_ABOUT THIS TASK_. Every line of the listing must be reproduced as it stands. Leave the images behind.

_SUPPLIED DATA_.
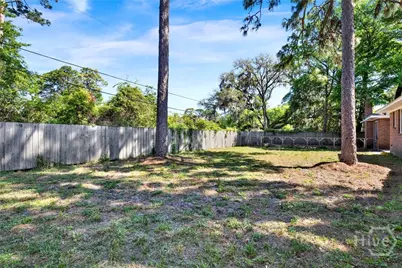 2208 Lorraine Court, Savannah, GA 31404 - Photo 35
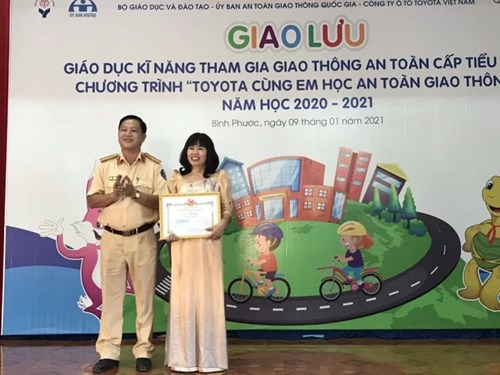 Phần quà được gửi đến giáo viên và học sinh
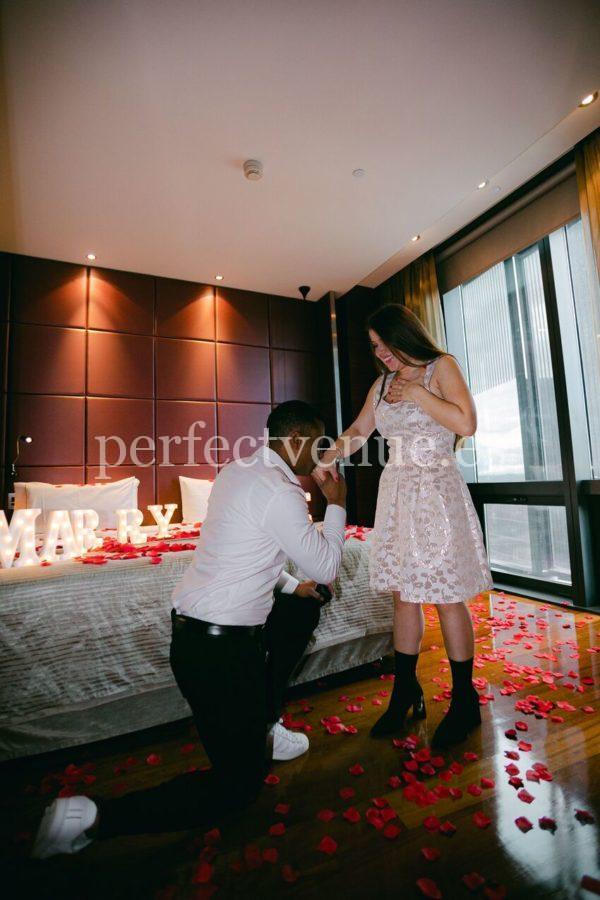Marriage proposal in hotel - Perfect Venue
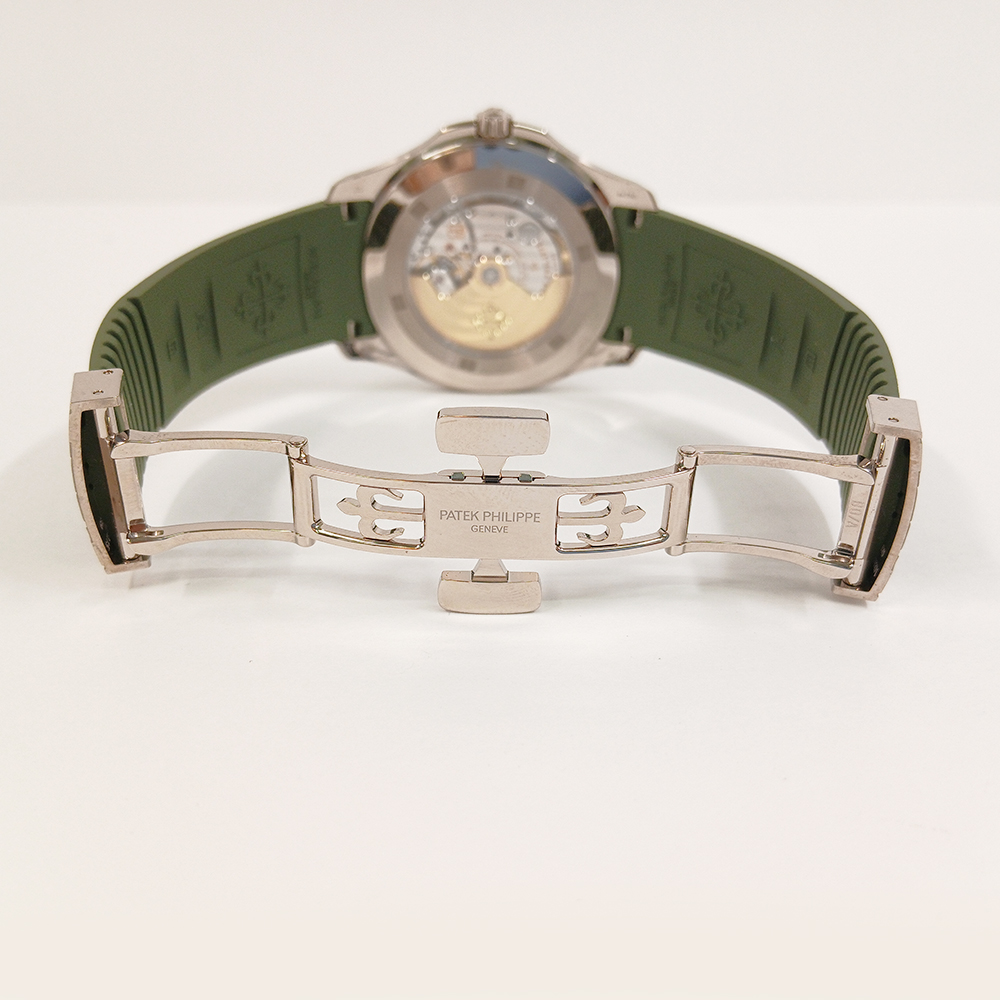 Aquanaut White Gold Green Dial 42mm Product Image 3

_EXPECTED ANSWER_.
 2208 Lorraine Court, Savannah, GA 31404 - Photo 35
 Phần quà được gửi đến giáo viên và học sinh
Marriage proposal in hotel - Perfect Venue
 Aquanaut White Gold Green Dial 42mm Product Image 3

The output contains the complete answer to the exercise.